## TASK INSTRUCTIONS
From the line containing "МАЙНКРАФТ ОЦЕНИВАЮ ДОМА ДРУЗЕЙ!" to the end of the records, print every line exactly, both ends included, and leave out the pictures.

## Brief descriptive captions
= = = = =

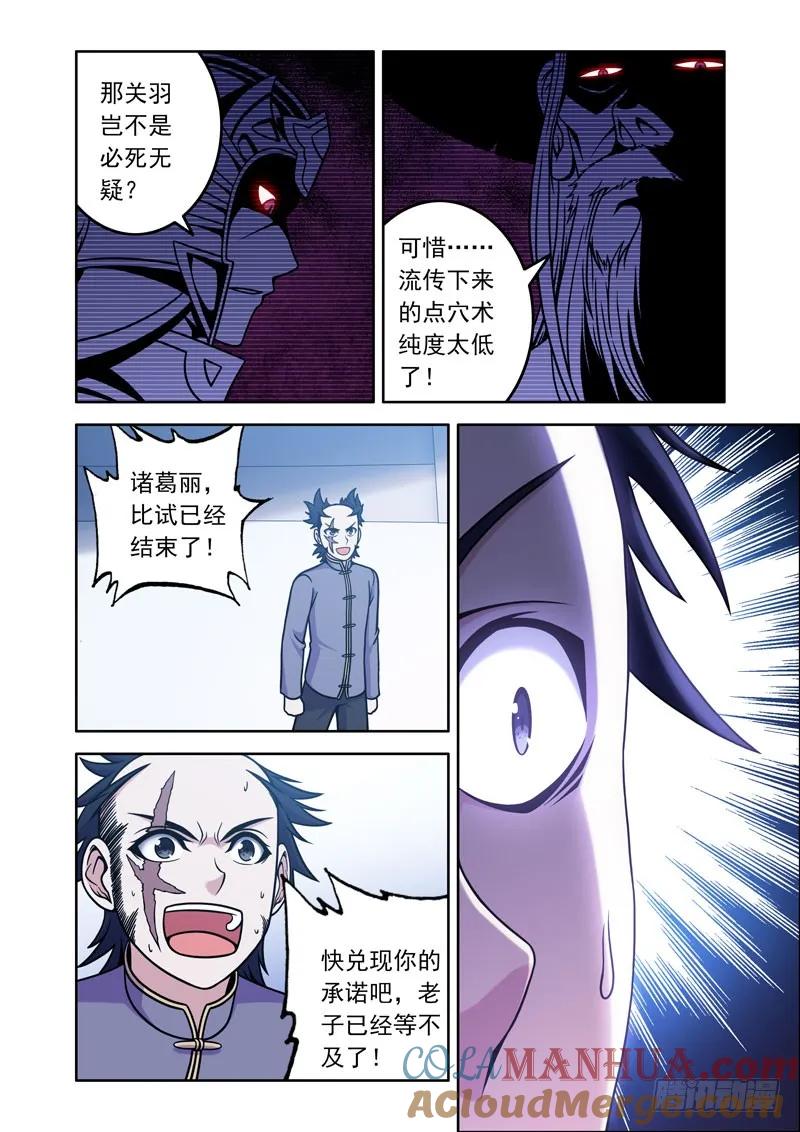 《史上最强》6 第六话 第5页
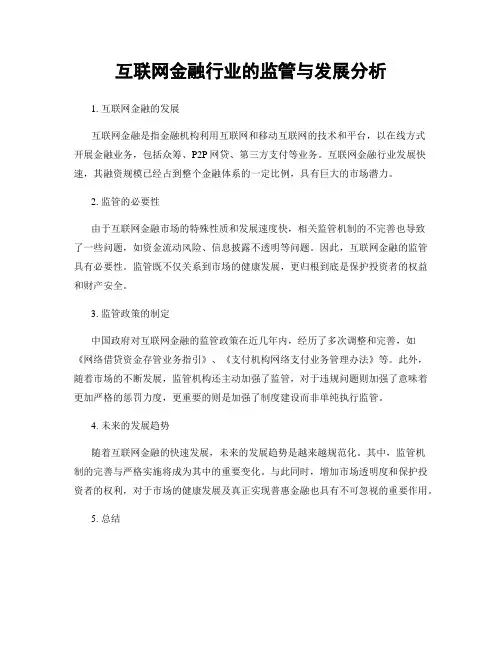 互联网金融行业的监管与发展分析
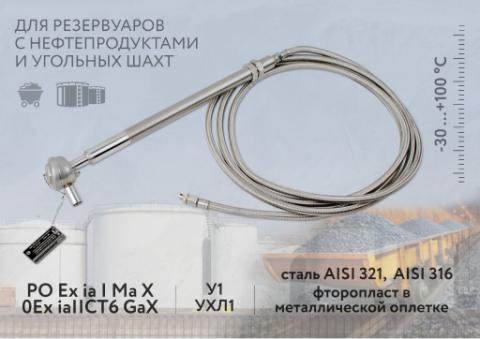 термокоса МЦДТ 2401 взрывозащищенная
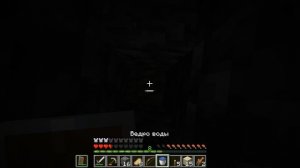 МАЙНКРАФТ ОЦЕНИВАЮ ДОМА ДРУЗЕЙ!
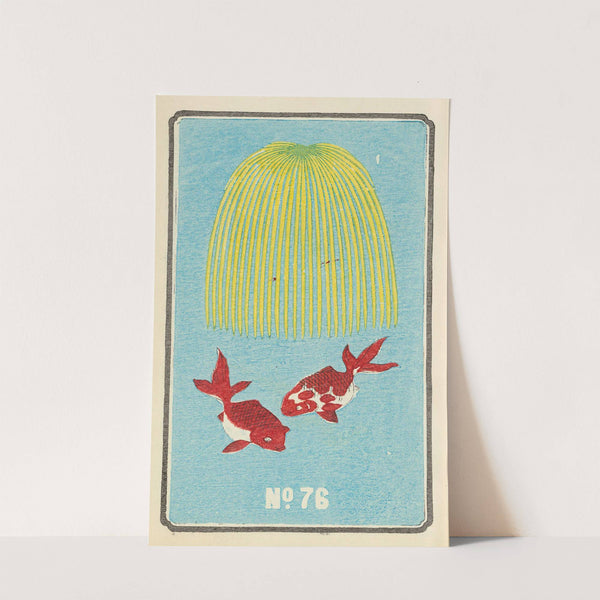 Illustrated Catalogue of Daylight Bomb Shells No. 76 (1883) by Jinta Hirayama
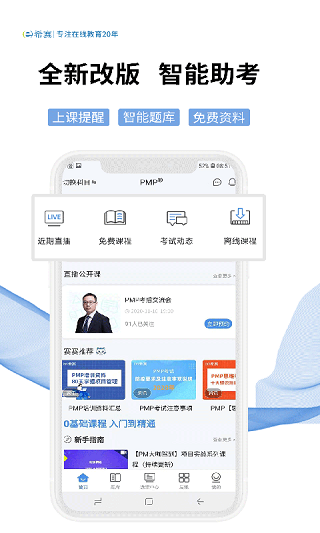 希赛网手机软件app截图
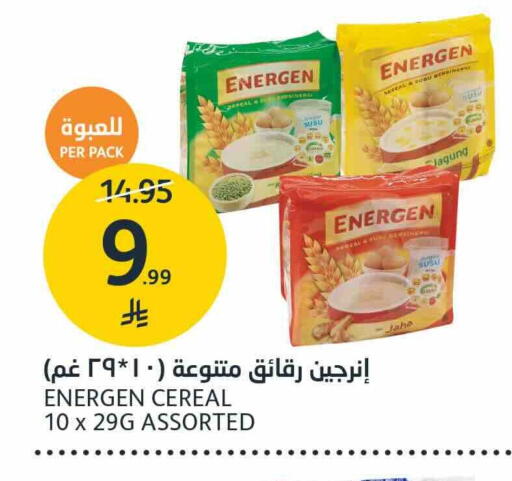 available at AlJazera Shopping Center in KSA, Saudi Arabia, Saudi - Riyadh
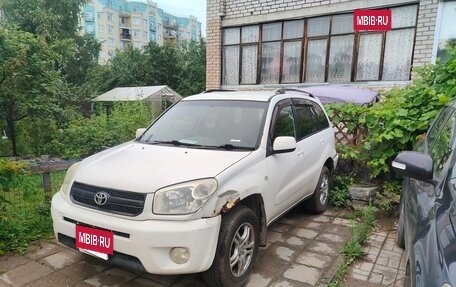 Toyota RAV4, 2005 год, 790 000 рублей, 4 фотография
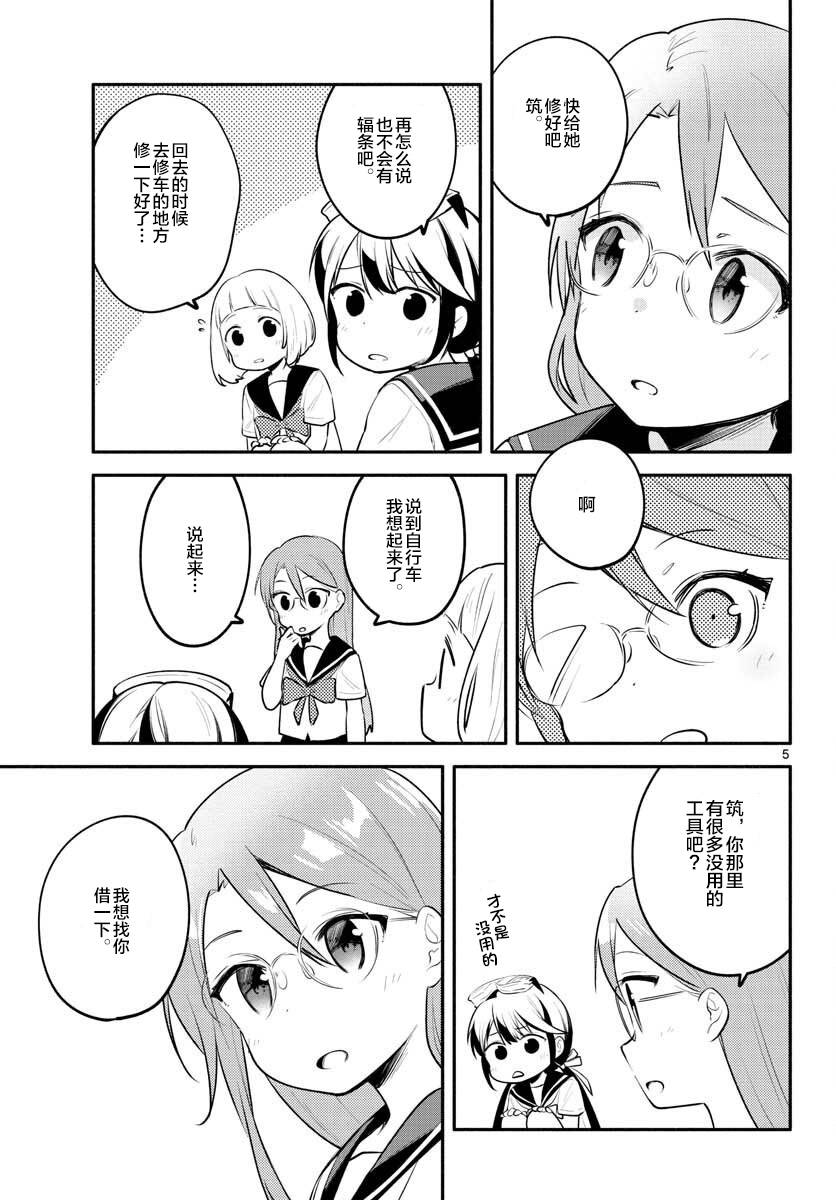 學園x製作 - 15話 - 5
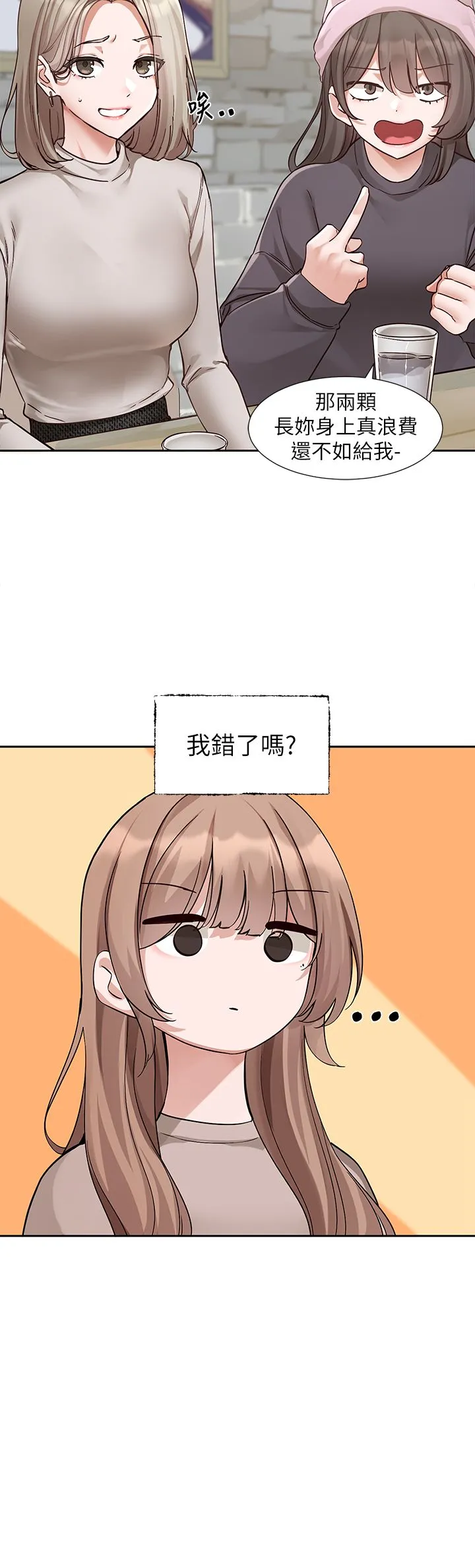 社团学姊-第192話林佳瑜-約會邀請函 - 图片 3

= = = = =

## SOLUTION BELOW
 МАЙНКРАФТ ОЦЕНИВАЮ ДОМА ДРУЗЕЙ!
 Illustrated Catalogue of Daylight Bomb Shells No. 76 (1883) by Jinta Hirayama
 希赛网手机软件app截图
 available at AlJazera Shopping Center in KSA, Saudi Arabia, Saudi - Riyadh
 Toyota RAV4, 2005 год, 790 000 рублей, 4 фотография
 學園x製作 - 15話 - 5
 社团学姊-第192話林佳瑜-約會邀請函 - 图片 3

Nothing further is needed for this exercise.